Tiempo atrás unos viles seductores digitales habían convencido a las desdichadas hermanas de que eran dos militares norteamericanos destinados en Kabul, de que les parecían bellísimas, de que pronto ellos irían a Morata de Tajuña para casarse con ellas y compartir la fortuna que habían amasado al servicio de su patria, y de que por ahora era imprescindible y urgente que les enviasen unas sumas de dinero…
Ángeles y Amelia no sólo les enviaron todo su dinero hasta arruinarse, sino que además iban por el pueblo pidiendo a los vecinos unos miles de euros para enviarlos a sus enamorados. Los vecinos se escabullían, haciendo girar el índice sobre la sien. Finalmente, un prestamista al que debían 50.000 euros que eran incapaces de devolver acabó con el asunto de forma intempestiva.
Se compadece a las delirantes hermanas (por cierto, que en el hermano tarado nadie pierde el tiempo pensando) como víctimas de la soledad y de la sed de amor insatisfecha que padecen tantas personas mayores. Somos con las chifladuras cometidas por amor tan indulgentes que tendemos a presentar el caso como que a cualquiera pudiera sucederle.
Se prefiere pasar por alto factores decisivos concurrentes: la estupidez e ignorancia de ambas mujeres, la senilidad que puede convertir al viejo en un niño crédulo, y quizá también un inconsciente prurito autodestructivo, que es el mismo que hace que tantos cretinos con dinero, especialmente, pero no sólo norteamericanos, lo envíen a un supuesto y misterioso príncipe guineano al que han conocido en internet y que les ha elegido, a ellos precisamente, para compartir unos millones de dólares que tiene que sacar de su país, para lo cual tiene que pagar algún soborno, nada, sólo unos miles de euros, cuyo importe los viejos tontos de Peoria, Illinois, deben ingresar en determinada cuenta bancaria.
¿En cuántos de los pueblos más o menos prósperos de la España vacía se instala, en los alrededores, junto a un cruce de carreteras, un club con luces de neón atendido por unas señoritas caribeñas de descomunales posaderas que atraen, como la miel a las moscas, al almacenero solterón y con ahorros, o al labriego primitivo con tierras y ganado, y en poco tiempo lo despojan de la tienda, las tierras y los ahorros?
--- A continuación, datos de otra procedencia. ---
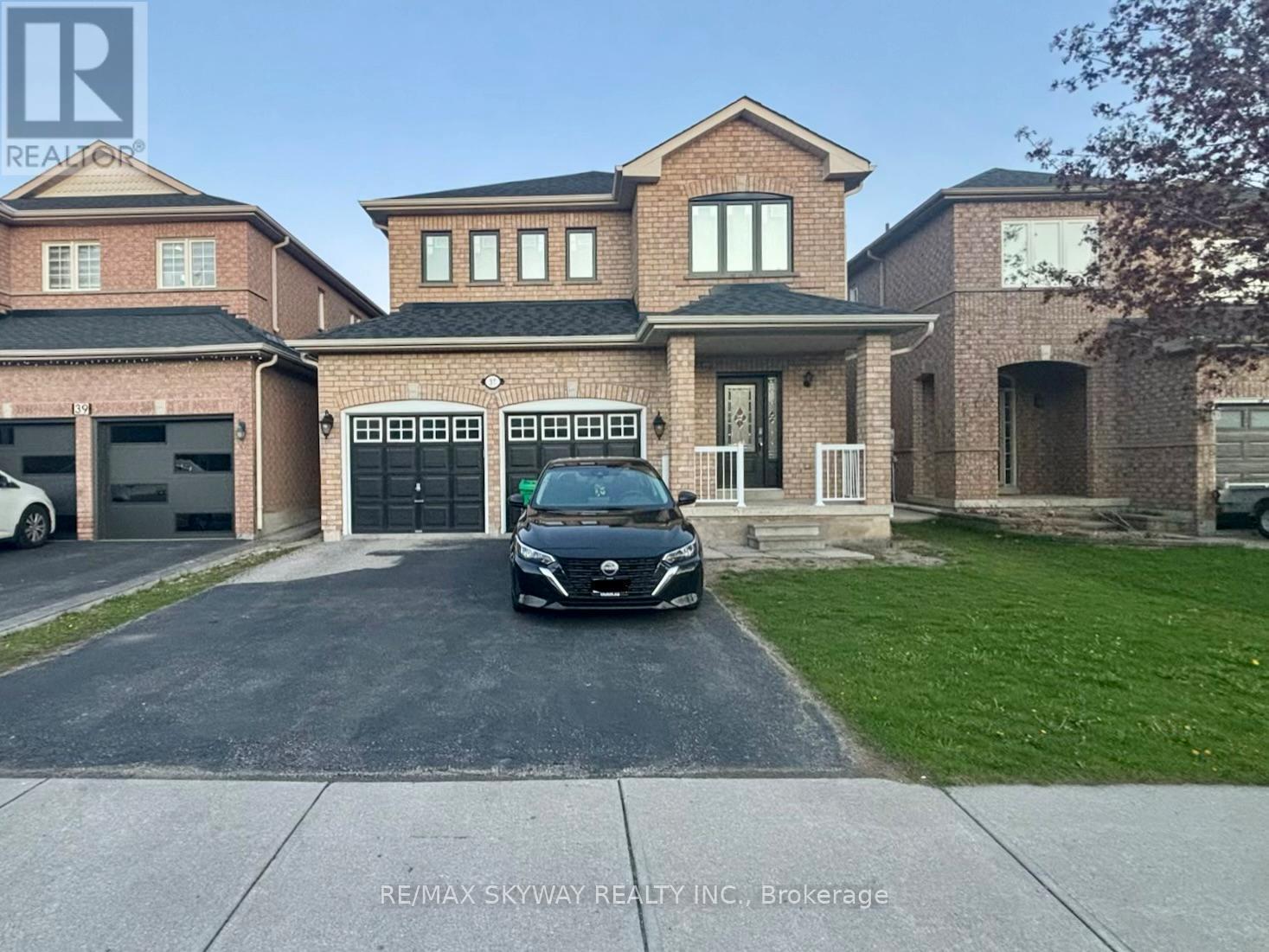 Detached at 37 SEWELLS LANE, Brampton (Fletcher's Meadow)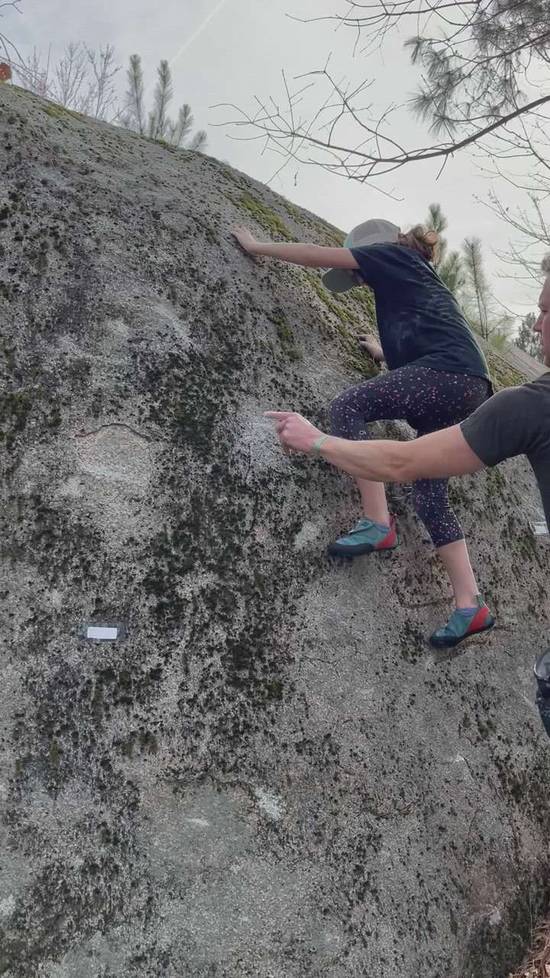 Bobatron Traverse v1, Boat Rock - Beta Video from AnjieGraceR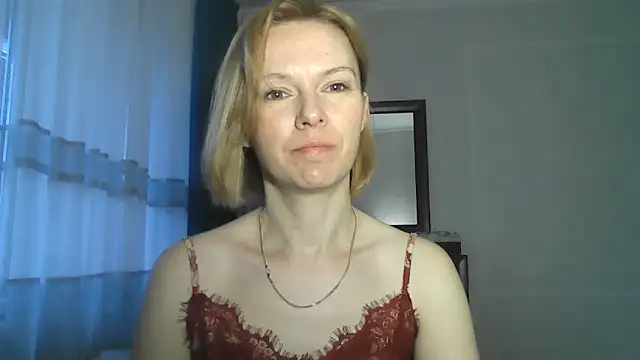 Snapshot of AdelleLovee_ chatting on 06-12-26, 05:12 AdelleLovee online show from 06-12-26, 05:12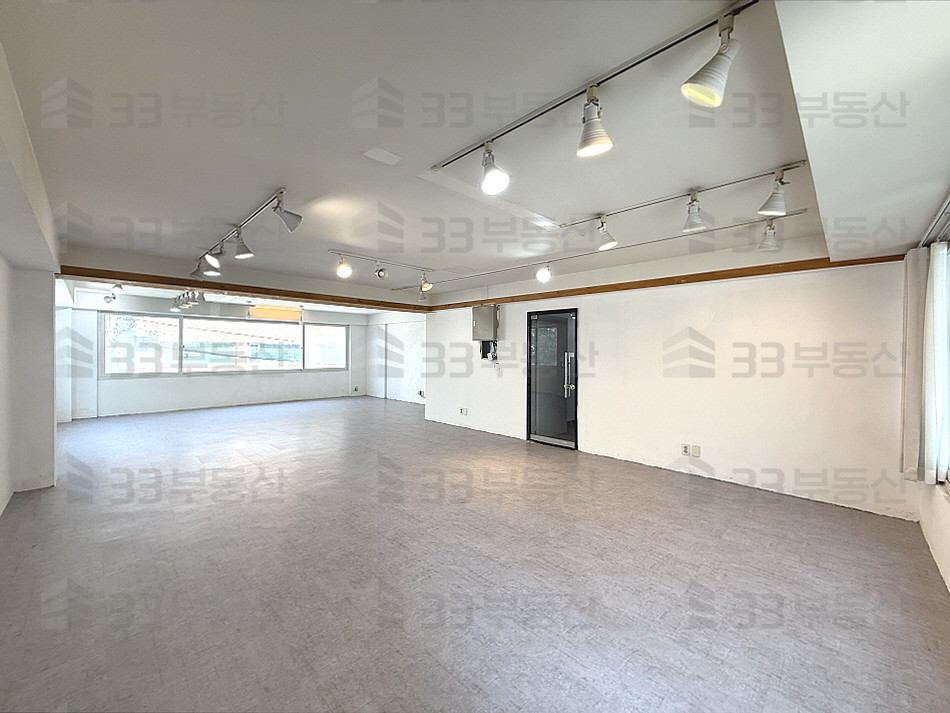 서울 강남구 신사동 신사역도보6분 원상복구o 자주식주차1 상가/사무실 월세 매물번호 10555 사진 2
Mira que los vecinos le advierten, mira que el cura le avisa de que ha caído en las redes de una lagartona pecadora, pero él se encoge de hombros y se dice para su coleto que sólo se vive una vez y que lo único que tiene valor en este mundo aburridísimo es el rotundo culo de Yusnavy o la sonrisa de Delfina, y su dulce vocecita cuando le dice: “Ay, papi, no seas desconfiado, mi amol, firma aquí que es sólo una formalidad, luego te voy a hacer esa cosita que tanto te gusta, ya tú sabes”.
Luego Yusnavy o Delfina desaparecen de la región y estos pánfilos se quedan a la intemperie (“¡yo creía que me amaba de verdad!”). Pero por lo general no viene luego un acreedor rabioso a matarlos a palos con una barra de hierro.